___ DATASET EXCERPTS ___
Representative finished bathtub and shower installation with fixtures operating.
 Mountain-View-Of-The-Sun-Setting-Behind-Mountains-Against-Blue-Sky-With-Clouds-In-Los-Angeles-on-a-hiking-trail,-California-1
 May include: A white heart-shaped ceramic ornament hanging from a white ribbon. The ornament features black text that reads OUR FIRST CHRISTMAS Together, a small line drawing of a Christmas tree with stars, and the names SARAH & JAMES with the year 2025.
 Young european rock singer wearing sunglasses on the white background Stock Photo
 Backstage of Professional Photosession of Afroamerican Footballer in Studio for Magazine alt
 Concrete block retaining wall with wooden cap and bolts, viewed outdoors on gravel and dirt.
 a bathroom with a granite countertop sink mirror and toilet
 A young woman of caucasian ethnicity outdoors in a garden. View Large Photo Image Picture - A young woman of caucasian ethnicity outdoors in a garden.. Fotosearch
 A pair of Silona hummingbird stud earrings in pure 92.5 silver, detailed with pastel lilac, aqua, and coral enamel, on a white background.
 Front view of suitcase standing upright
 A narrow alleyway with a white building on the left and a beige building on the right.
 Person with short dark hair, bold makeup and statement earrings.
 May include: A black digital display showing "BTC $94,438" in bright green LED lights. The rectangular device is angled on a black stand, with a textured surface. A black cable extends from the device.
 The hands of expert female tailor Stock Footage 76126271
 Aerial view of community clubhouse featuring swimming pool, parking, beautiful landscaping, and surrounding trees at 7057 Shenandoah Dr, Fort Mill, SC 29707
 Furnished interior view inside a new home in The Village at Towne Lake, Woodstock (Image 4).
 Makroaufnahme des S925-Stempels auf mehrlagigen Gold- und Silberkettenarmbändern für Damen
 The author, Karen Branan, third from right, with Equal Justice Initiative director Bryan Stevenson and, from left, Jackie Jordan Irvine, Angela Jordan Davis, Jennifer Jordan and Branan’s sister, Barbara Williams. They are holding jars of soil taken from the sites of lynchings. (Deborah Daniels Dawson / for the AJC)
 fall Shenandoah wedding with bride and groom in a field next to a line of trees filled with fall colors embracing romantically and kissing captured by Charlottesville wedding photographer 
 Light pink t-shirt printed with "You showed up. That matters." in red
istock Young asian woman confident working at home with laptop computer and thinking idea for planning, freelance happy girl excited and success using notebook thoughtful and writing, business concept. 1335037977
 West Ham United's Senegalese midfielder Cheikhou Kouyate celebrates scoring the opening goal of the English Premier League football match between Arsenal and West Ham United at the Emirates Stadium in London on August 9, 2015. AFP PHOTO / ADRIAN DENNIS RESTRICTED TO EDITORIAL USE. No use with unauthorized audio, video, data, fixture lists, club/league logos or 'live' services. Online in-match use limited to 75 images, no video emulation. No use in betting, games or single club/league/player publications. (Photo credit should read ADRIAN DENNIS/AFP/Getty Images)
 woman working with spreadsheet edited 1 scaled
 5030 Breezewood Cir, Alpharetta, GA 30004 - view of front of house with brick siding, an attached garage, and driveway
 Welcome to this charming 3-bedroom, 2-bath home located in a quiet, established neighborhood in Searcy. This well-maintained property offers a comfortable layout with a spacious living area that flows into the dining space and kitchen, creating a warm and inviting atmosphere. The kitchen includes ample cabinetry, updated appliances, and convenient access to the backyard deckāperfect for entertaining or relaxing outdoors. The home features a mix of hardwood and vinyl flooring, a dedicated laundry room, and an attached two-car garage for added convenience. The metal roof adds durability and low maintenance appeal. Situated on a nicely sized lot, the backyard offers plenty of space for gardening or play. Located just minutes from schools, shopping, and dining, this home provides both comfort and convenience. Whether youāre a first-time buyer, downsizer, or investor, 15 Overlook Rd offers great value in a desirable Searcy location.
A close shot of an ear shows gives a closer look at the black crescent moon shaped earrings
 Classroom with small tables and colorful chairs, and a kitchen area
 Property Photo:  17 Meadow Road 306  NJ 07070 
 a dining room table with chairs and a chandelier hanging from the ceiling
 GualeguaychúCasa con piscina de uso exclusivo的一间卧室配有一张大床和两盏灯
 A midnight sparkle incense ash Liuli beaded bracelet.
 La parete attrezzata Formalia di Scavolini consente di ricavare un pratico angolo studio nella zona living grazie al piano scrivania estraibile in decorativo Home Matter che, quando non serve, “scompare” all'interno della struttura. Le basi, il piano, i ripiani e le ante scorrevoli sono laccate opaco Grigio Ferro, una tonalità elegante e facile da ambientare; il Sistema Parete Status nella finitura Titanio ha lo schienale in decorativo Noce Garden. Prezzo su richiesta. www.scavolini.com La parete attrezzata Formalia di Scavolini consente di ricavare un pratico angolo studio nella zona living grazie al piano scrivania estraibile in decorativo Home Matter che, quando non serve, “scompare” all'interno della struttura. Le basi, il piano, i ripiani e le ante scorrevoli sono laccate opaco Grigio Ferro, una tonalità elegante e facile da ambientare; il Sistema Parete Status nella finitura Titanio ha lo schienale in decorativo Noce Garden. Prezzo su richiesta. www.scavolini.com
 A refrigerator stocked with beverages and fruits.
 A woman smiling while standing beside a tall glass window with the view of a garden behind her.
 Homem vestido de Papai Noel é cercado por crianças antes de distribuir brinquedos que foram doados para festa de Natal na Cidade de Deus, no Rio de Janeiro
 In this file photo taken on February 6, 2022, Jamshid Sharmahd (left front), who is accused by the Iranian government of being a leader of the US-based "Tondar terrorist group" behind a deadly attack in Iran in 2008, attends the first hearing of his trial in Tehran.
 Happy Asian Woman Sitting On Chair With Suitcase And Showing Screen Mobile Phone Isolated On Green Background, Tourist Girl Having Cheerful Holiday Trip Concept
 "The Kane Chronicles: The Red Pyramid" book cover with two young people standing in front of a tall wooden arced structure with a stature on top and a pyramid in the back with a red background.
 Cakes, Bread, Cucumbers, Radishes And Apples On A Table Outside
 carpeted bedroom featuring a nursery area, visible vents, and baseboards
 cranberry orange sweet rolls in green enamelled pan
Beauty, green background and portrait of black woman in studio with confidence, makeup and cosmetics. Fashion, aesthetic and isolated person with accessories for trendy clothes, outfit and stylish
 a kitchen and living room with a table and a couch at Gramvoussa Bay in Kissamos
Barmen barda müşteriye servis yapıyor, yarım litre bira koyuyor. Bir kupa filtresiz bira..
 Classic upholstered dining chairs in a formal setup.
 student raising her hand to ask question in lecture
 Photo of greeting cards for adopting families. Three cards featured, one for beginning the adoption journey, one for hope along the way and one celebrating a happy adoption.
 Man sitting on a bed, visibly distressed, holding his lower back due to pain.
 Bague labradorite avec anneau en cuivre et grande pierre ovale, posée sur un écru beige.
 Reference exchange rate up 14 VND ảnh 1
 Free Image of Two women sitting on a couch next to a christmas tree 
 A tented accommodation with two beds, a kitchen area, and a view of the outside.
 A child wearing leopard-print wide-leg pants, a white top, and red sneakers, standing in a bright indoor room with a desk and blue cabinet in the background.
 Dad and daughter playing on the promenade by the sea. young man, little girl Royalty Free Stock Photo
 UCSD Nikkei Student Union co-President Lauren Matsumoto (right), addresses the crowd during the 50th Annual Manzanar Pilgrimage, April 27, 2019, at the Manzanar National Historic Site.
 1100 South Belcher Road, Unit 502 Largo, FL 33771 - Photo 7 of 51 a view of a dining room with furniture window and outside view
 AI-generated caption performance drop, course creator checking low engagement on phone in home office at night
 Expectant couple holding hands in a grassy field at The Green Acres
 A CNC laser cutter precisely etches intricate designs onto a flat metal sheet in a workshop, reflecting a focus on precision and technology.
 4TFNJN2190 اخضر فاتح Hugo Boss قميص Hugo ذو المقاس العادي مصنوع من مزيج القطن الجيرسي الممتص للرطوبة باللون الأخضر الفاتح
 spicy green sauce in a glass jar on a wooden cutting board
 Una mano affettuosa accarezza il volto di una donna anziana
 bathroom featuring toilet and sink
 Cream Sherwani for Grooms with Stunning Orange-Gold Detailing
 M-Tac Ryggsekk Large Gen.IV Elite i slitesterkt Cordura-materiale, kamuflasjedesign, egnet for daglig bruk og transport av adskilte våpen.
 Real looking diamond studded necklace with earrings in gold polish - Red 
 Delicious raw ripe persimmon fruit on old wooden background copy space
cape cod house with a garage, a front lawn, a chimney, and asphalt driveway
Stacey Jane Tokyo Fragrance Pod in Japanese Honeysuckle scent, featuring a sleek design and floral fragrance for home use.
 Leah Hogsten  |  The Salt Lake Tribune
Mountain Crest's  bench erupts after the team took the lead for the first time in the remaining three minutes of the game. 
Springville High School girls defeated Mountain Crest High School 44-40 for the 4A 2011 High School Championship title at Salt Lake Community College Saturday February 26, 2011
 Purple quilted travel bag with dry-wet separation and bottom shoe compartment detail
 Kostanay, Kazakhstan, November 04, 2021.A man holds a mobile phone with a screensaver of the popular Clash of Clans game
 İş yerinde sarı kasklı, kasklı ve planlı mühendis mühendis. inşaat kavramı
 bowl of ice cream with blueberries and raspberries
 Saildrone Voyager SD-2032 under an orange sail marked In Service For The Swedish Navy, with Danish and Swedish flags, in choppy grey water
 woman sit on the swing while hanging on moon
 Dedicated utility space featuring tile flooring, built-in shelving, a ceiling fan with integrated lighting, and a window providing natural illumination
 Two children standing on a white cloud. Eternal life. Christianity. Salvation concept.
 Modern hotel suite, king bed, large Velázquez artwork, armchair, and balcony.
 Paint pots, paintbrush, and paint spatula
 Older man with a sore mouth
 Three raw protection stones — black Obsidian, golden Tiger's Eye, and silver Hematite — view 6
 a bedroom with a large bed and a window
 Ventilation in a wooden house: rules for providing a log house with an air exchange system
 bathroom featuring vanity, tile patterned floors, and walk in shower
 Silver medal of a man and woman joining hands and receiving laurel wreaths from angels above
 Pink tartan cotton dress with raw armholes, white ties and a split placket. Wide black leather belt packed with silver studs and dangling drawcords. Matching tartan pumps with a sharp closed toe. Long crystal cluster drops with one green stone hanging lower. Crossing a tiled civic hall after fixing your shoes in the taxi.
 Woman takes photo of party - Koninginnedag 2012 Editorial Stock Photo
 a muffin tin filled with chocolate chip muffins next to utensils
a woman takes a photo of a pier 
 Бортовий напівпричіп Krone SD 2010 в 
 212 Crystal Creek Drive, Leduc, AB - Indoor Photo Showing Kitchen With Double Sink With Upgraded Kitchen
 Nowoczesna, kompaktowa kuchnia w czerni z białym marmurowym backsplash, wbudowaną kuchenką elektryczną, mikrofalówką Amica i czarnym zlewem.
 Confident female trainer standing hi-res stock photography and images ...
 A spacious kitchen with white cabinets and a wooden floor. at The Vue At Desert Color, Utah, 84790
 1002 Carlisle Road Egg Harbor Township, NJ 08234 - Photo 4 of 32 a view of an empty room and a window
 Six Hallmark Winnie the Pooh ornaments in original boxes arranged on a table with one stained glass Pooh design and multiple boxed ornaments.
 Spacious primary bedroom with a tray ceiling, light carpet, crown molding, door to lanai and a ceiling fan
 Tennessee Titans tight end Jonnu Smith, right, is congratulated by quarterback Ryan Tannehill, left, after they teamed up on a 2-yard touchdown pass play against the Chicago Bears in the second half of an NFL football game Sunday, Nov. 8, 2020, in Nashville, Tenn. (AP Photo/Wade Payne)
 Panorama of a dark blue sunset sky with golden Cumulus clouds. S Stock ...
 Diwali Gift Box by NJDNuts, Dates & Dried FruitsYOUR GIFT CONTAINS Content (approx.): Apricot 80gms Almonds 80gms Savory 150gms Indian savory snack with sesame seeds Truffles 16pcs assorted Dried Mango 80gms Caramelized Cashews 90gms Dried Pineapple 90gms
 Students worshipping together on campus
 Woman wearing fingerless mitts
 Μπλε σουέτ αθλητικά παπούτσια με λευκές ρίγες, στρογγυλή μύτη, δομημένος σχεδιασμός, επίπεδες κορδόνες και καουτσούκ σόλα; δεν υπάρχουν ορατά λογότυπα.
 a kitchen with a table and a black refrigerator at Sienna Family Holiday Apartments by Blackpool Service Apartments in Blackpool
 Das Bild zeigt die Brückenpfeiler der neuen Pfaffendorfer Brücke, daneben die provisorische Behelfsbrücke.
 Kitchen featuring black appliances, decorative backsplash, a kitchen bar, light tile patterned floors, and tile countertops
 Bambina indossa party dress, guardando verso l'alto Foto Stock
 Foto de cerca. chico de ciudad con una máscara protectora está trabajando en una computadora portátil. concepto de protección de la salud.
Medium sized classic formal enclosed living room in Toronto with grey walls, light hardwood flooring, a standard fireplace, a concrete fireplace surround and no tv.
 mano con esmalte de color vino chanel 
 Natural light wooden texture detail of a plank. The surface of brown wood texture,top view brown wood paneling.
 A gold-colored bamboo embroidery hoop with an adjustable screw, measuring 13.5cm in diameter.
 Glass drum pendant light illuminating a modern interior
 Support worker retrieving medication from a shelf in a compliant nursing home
___
Begin at the top of the records above and quote each line exactly, ending with the line that contains "Backstage of Professional".

* **WRITTEN SOLUTION**
Representative finished bathtub and shower installation with fixtures operating.
 Mountain-View-Of-The-Sun-Setting-Behind-Mountains-Against-Blue-Sky-With-Clouds-In-Los-Angeles-on-a-hiking-trail,-California-1
 May include: A white heart-shaped ceramic ornament hanging from a white ribbon. The ornament features black text that reads OUR FIRST CHRISTMAS Together, a small line drawing of a Christmas tree with stars, and the names SARAH & JAMES with the year 2025.
 Young european rock singer wearing sunglasses on the white background Stock Photo
 Backstage of Professional Photosession of Afroamerican Footballer in Studio for Magazine alt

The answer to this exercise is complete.